I'd like to know what is the easiest way to write to and parse a XML file in Android.

My requirement is very simple. A sample file would be something like:

<Item ID="1" price="$100" Qty="20" />

And I only want to retrieve an item by the ID and read price and Qty.

I was referring to Using XmlResourceParser to Parse Custom Compiled XML, but wondering if there is a much lightweight way to do something trivial as this (still using tags).

Answer

TextGeek picture TextGeek · Aug 28, 2017

If it's really that simple, you can just write it with printf() or similar.

For parsing, you're best off using a real XML parser (perhaps the SimpleXML that @netpork suggested). But for something truly this trivial, you could just use regexes -- here's my usual set, from which you'd need mainly 'attrlist' and 'stag' (for attribute list and start-tag).

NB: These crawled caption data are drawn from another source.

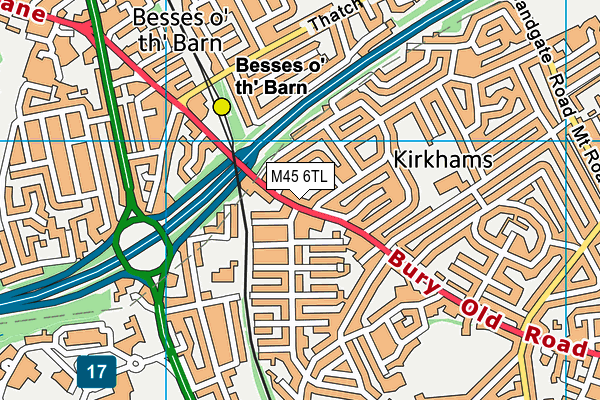 M45 6TL map - OS VectorMap District (Ordnance Survey)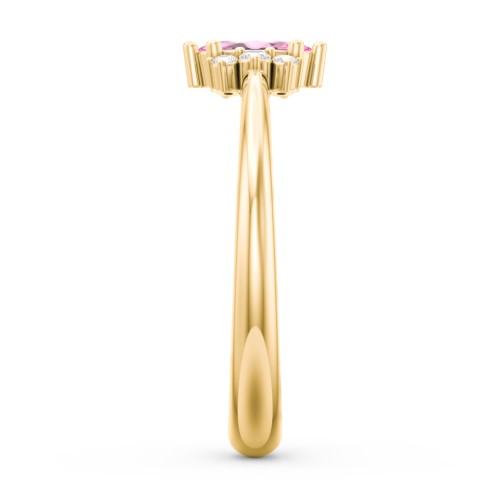 Marquise Birthstone Ring with Accents – 18K Gold Plated Silver with Pink Tourmaline and White Premium Zirconia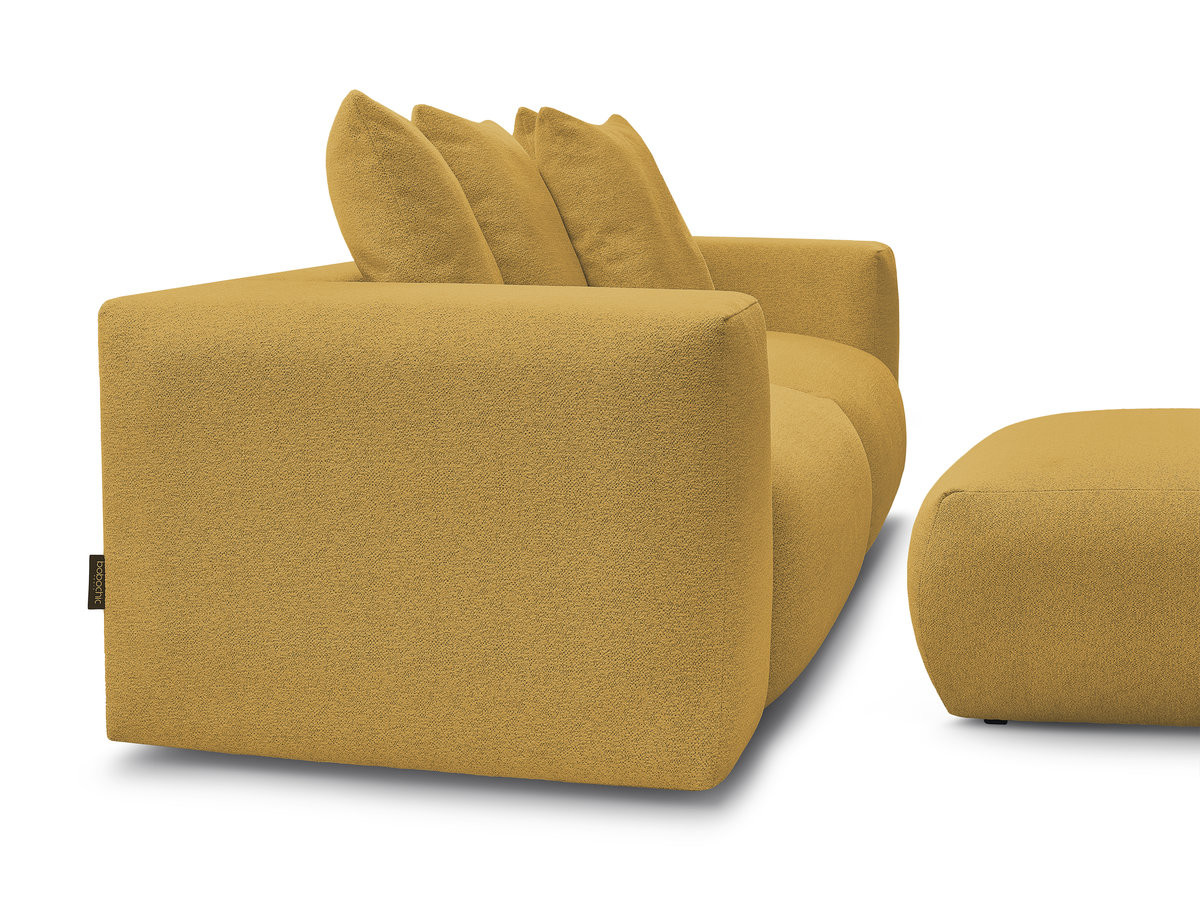 Bobochic Voltaire Sofa 4-Sitzer mit Pouf 248 × 100 cm Melange-Stoff Gelb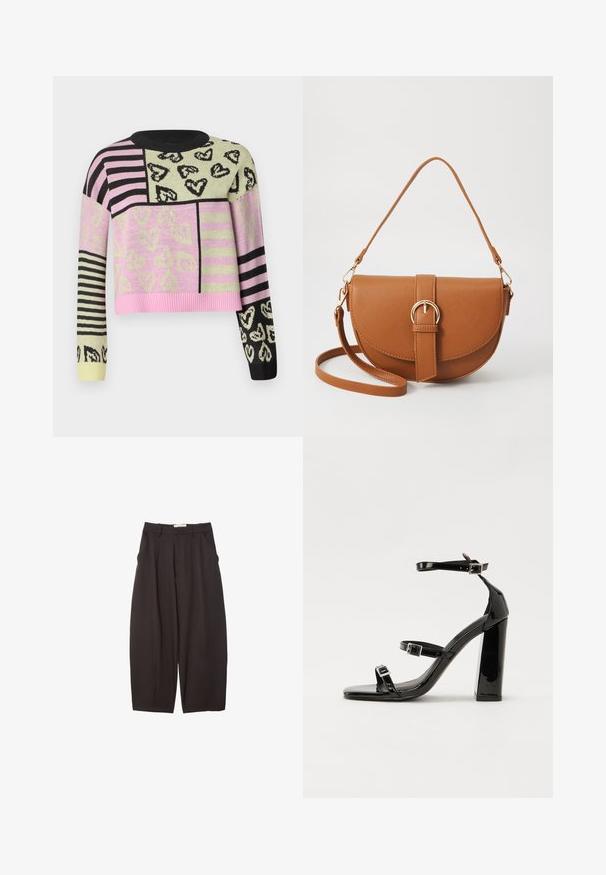 Virkat tröja med en kortad design i rosa, grön, svart och randiga mönster, prydd med hjärtmotiv och ribbad halsringning.; Svarta vida byxor i ett mjukt tyg, med hög midja, framfickor och sidofickor. Enkel design utan utsmyckningar.; Svarta lackerade klacksandaler med fyrkantig tå, ankelremmar och silverfärgade spännen. Har en kraftig blockklack för stabilitet.; Brun läder crossbody-väska med en böjd form, gyllene detaljer och en spänneaccent. Har en avtagbar axelrem.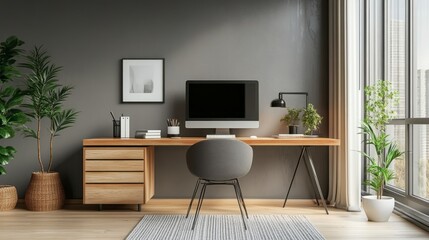A calming work area with light gray walls, a minimalist desk setup, and soft task lighting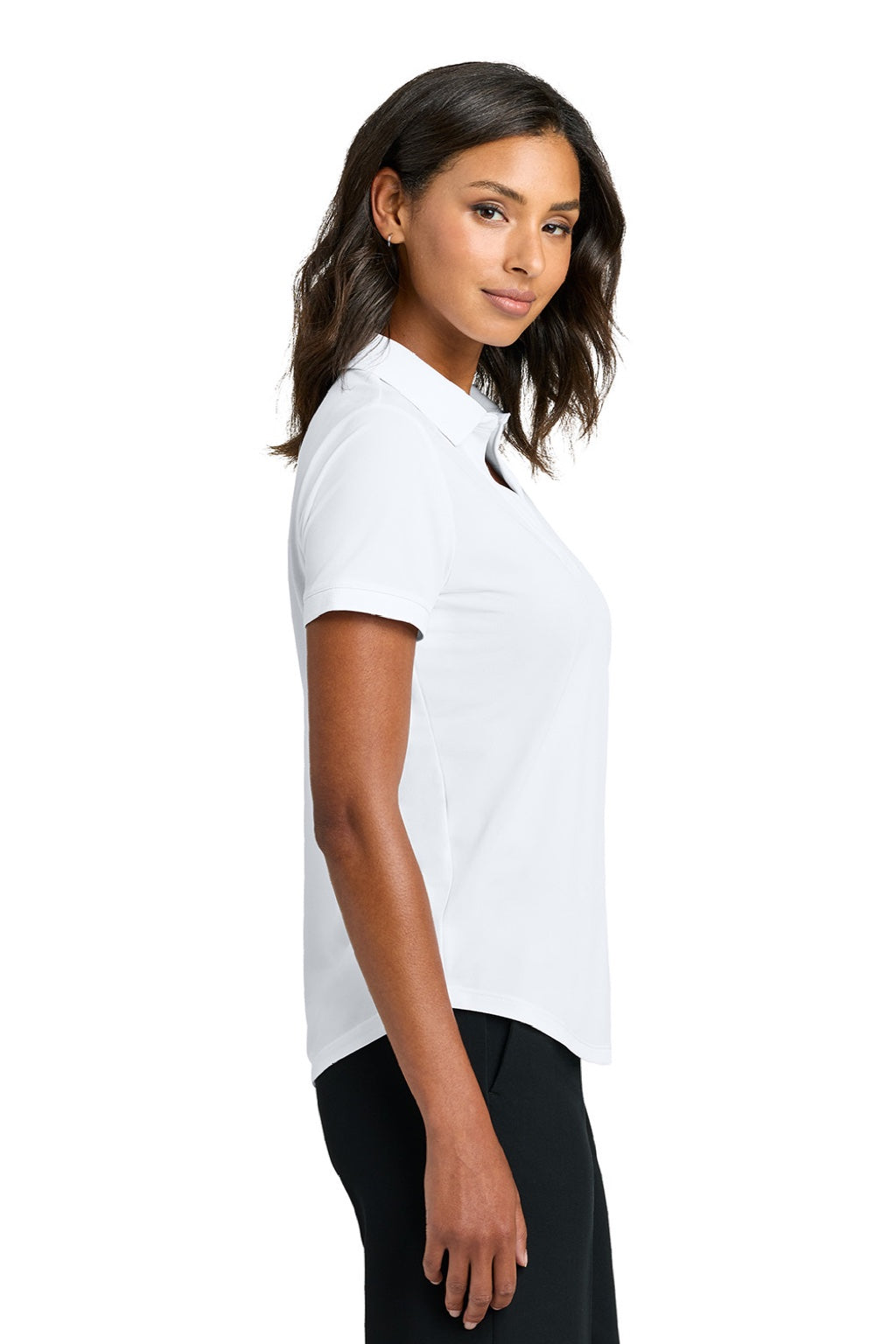 Mercer+Mettle MM1031 Womens Everyday Performance Short Sleeve Polo Shirt White Model Side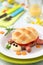 Cute turtle shape hamburger with a meat burger, cheese and sausages for kids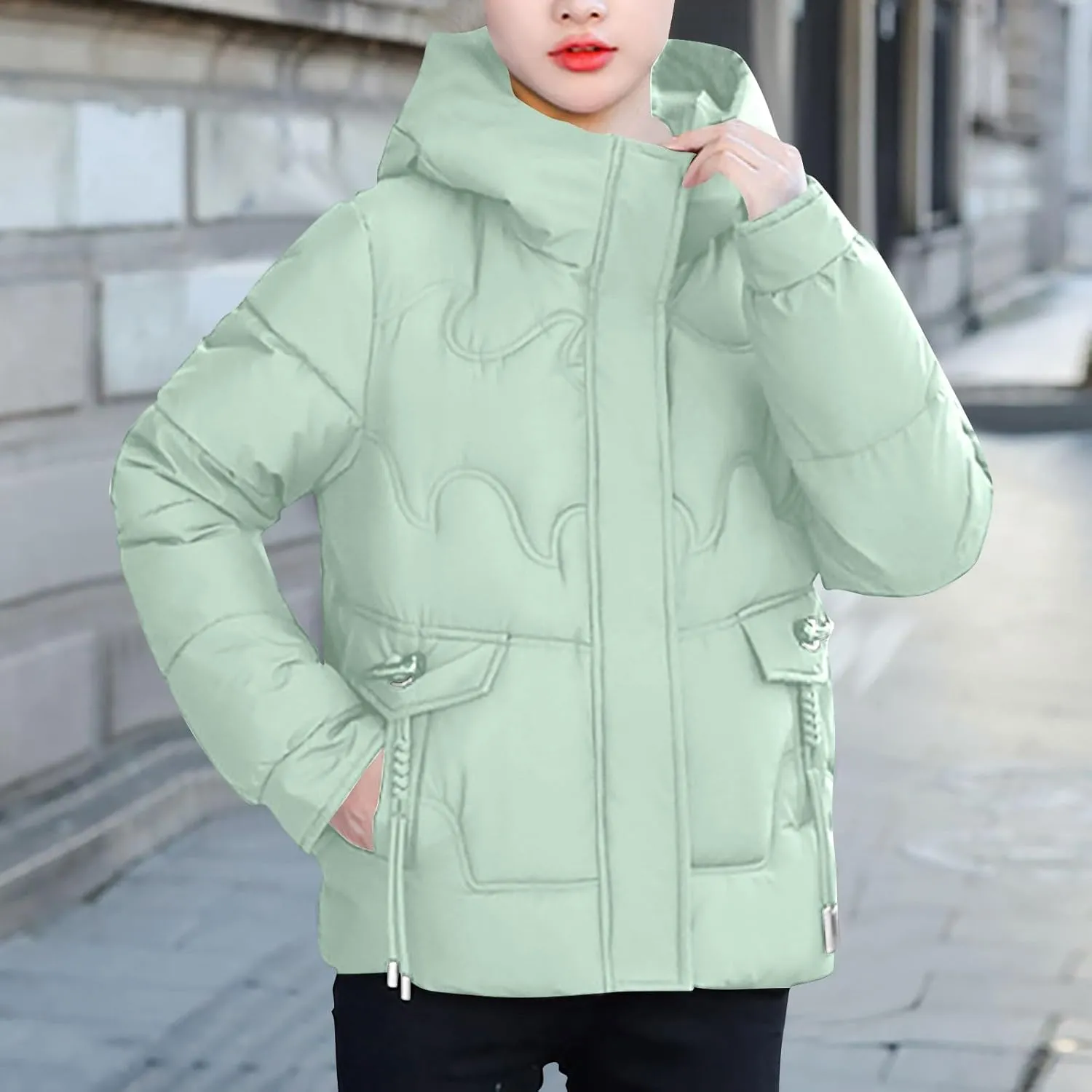 Winter Coats for Women Turtleneck Puffer Jacket Quilted Down Coat with Hood Cute Winter Clothes Women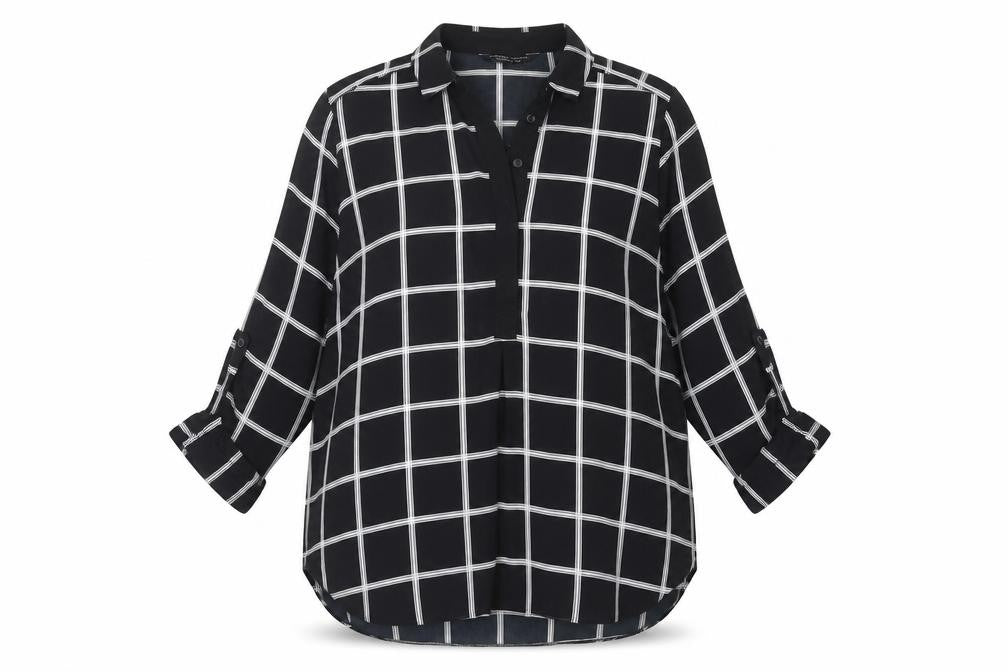 Dorothy Perkins Women's Black Button-Up Check Shirt Size 14
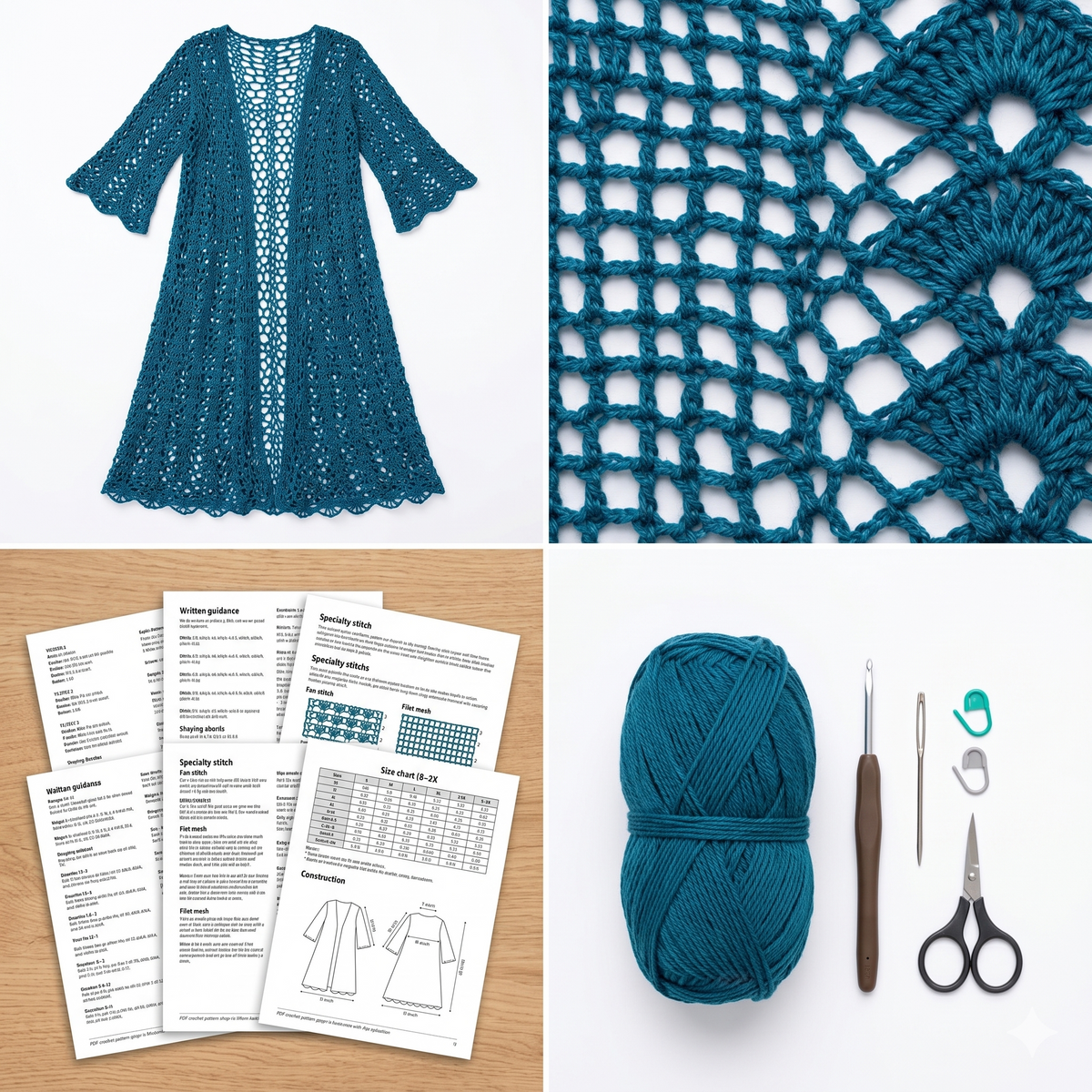 Boho Lace Duster Crochet Cardigan Pattern – Sun-Kissed Elegant Design (PDF Download)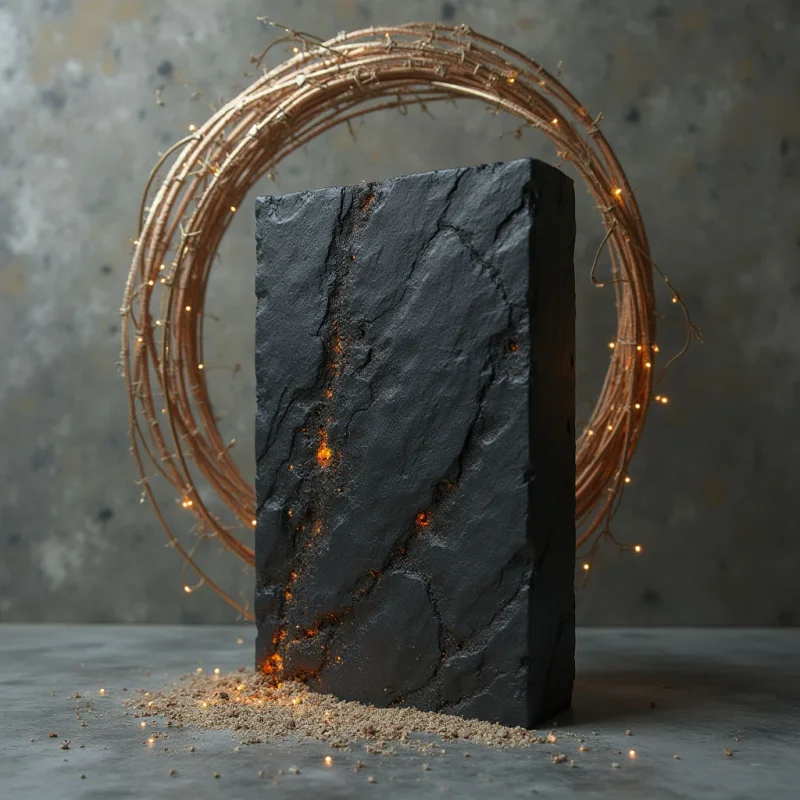 A dark, rectangular stone monolith with a rough, craggy texture sits centrally against a muted gray background. Glowing orange light emanates from within the deep fissures of the stone and illuminates a pile of coarse sand at its base. A large, circular halo composed of thin, golden-colored wires and tiny points of light frames the monolith in the background.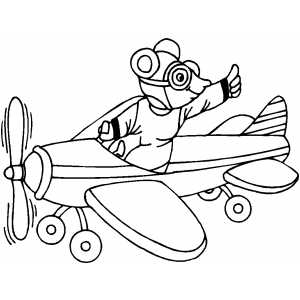 Mouse Pilot On The Plane Coloring Sheet 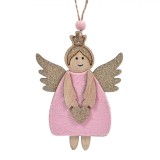 Ornament Brad Crăciun, Ingeraș Lemn, Culoare Roz și Bej șampanie, 11cm, Oem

xname      = "([_\\w][-_:.\\w\\d]*)";         # XML NAME (imperfect charset)
xnmtoken   = "([-_:.\\w\\d]+)";               #
xncname    = "([_\\w][-_.\\w\\d]*)";          #
qlit       = '("[^"]*"|\'[^\']*\')';          # Includes the quotes
attr       = "$xname\\s*=\\s*$qlit";          # Captures name and value
attrlist   = "(\\s+$attr)*";                  #
startTag   = "<$xname$attrlist\\s*/?>";       #
endTag     = "</$xname\\s*>";                 #
comment    = "(<!--[^-]*(-[^-]+)*-->)";       # Includes delims
pi         = "(<\?$xname.*?\?>)";             # Processing instruction
dcl        = "(<!$xname\\s+[^>]+>)";          # Markup dcl (imperfect)
cdataStart = "(<!\[CDATA\[)";                 # Marked section open
cdataEnd   = "(]]>)";                         # Marked section close
charRef    = "&(#\\d+|#[xX][0-9a-fA-F]+);";   # Num char ref (no delims)
entRef     = "&$xname;";                      # Named entity ref
pentRef    = "%$xname;";                      # Parameter entity ref
xtext      = "[^<&]*";                        # Neglects ']]>'
xdocument  = "^($startTag|$endTag|$pi|$comment|$entRef|$xtext)+\$";

A draft of the XML spec even included a "trivial" grammar for XML, that can find node boundaries correctly, but not catch all errors, expanding entity references, etc. See https://www.w3.org/TR/WD-xml-lang-970630#secF.

The main drawback is that if you run into fancier data later, it may break. For example, someone might send you data with a comment in there, or a syntax error, or an unquoted attribute, or using &quo, or whatever.